* _TASK TO CARRY OUT_: Please retype the listing below word for word and exclude its images.

DATA BLOCK section start

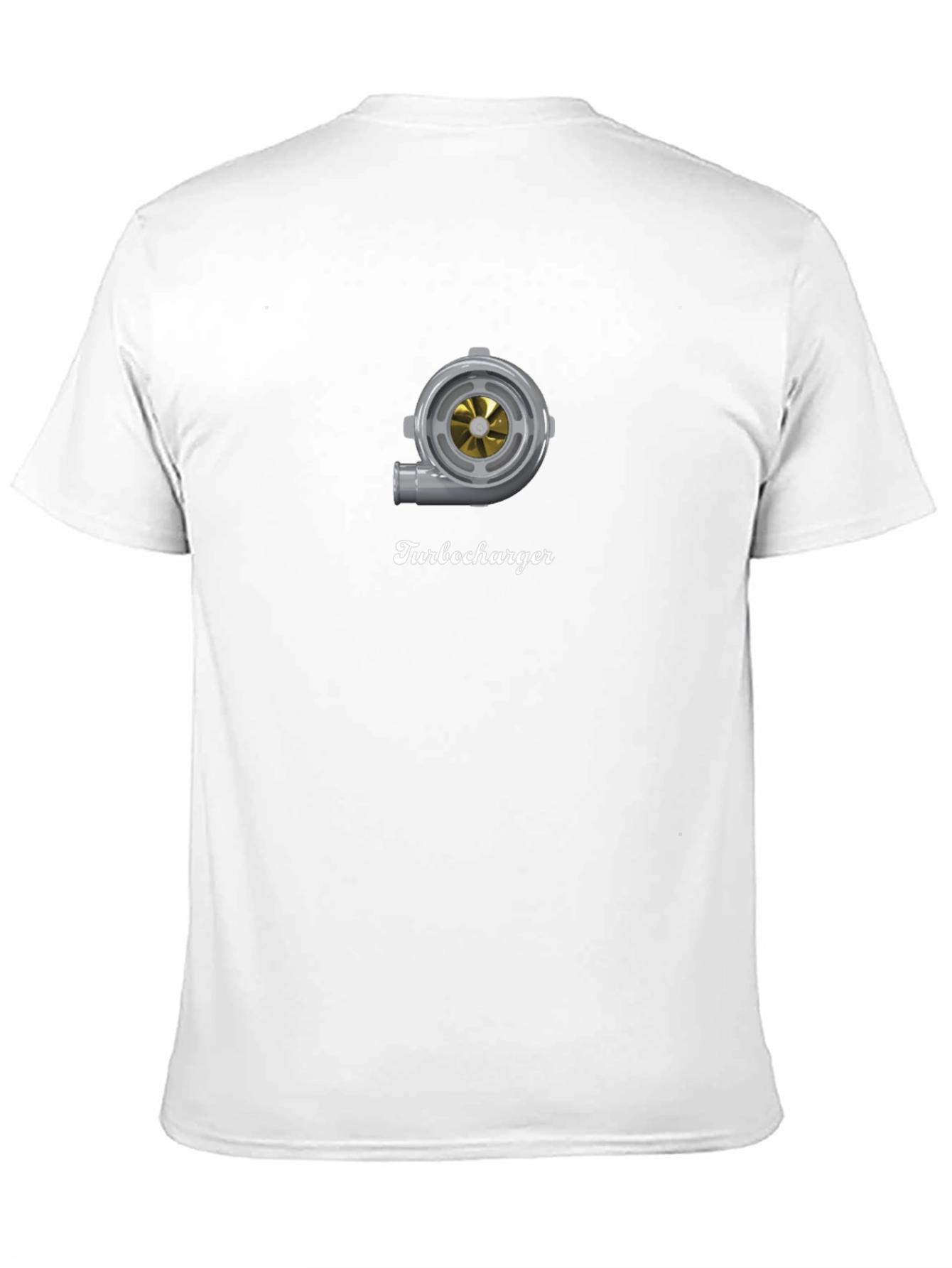 Black Turbocharger Graphic Tee - Premium Black T-Shirt view 11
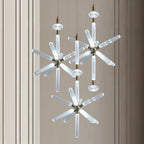 Glass Tubes LED Chandelier: Modern Luxury for Living Room, Bedroom, Hotel & Aisle
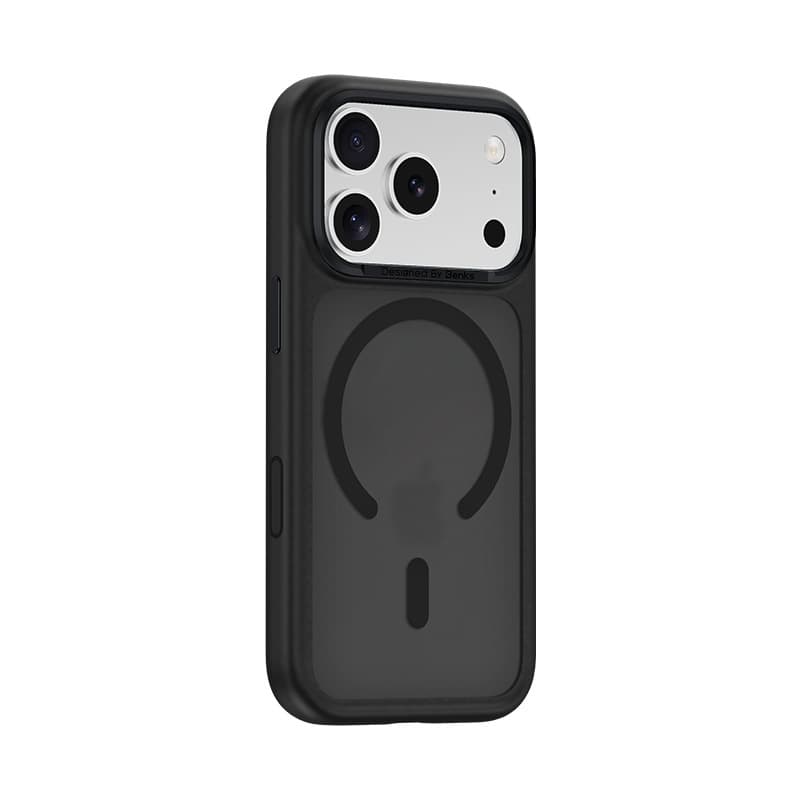 Magnetický kryt Benks Mist s kovovým rámem a tlačítkem pro ovládání fotoaparátu (K069) pro iPhone 17 Pro, černý - náhled 4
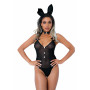 Women's Body Tuxedo Bunny Roleplay Set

DATA BLOCK section end

* _RESPONSE TO THE TASK_:
 Black Turbocharger Graphic Tee - Premium Black T-Shirt view 11
 Glass Tubes LED Chandelier: Modern Luxury for Living Room, Bedroom, Hotel & Aisle
 Magnetický kryt Benks Mist s kovovým rámem a tlačítkem pro ovládání fotoaparátu (K069) pro iPhone 17 Pro, černý - náhled 4
 Women's Body Tuxedo Bunny Roleplay Set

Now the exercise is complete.